| Instructions for the task |
Every line between the top of the data below and the line with "(2) NB Carter’s", both ends included, must be retyped exactly.
#### Extracted data
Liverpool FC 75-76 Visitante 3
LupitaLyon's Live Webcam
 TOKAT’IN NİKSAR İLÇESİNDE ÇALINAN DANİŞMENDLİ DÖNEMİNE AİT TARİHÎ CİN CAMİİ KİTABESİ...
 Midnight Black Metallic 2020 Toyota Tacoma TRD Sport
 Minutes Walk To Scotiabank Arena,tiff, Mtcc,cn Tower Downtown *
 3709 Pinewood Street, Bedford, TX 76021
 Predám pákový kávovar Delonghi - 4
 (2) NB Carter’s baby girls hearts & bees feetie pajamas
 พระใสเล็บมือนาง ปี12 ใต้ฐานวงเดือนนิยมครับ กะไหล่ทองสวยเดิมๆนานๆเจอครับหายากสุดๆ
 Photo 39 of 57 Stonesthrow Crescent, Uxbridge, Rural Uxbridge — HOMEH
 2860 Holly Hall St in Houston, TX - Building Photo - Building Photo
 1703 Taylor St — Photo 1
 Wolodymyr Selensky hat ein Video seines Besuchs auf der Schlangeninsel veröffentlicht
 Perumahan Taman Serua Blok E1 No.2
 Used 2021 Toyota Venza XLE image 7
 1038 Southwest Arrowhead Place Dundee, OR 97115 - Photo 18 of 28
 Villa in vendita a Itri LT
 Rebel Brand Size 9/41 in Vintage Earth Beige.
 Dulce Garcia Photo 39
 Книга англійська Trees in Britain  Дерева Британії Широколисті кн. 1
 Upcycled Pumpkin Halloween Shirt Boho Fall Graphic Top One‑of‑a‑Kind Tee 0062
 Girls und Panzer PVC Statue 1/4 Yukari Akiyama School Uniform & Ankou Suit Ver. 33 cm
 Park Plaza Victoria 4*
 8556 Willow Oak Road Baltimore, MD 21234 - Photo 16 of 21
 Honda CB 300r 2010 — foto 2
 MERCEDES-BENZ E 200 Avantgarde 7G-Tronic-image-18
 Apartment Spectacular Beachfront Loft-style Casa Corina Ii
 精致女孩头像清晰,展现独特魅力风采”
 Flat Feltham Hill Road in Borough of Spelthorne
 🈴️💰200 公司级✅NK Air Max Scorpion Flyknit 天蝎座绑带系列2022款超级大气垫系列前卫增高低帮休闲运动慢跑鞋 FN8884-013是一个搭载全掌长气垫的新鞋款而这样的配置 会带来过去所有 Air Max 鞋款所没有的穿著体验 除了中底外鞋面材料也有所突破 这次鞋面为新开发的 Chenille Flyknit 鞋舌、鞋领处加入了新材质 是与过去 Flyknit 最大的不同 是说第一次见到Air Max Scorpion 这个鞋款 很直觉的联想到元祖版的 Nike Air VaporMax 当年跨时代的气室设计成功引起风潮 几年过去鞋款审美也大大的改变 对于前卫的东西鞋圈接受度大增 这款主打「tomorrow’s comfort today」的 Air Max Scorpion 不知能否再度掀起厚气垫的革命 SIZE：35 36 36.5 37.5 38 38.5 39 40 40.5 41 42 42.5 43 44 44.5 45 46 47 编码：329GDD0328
########
| The completed task |
Liverpool FC 75-76 Visitante 3
LupitaLyon's Live Webcam
 TOKAT’IN NİKSAR İLÇESİNDE ÇALINAN DANİŞMENDLİ DÖNEMİNE AİT TARİHÎ CİN CAMİİ KİTABESİ...
 Midnight Black Metallic 2020 Toyota Tacoma TRD Sport
 Minutes Walk To Scotiabank Arena,tiff, Mtcc,cn Tower Downtown *
 3709 Pinewood Street, Bedford, TX 76021
 Predám pákový kávovar Delonghi - 4
 (2) NB Carter’s baby girls hearts & bees feetie pajamas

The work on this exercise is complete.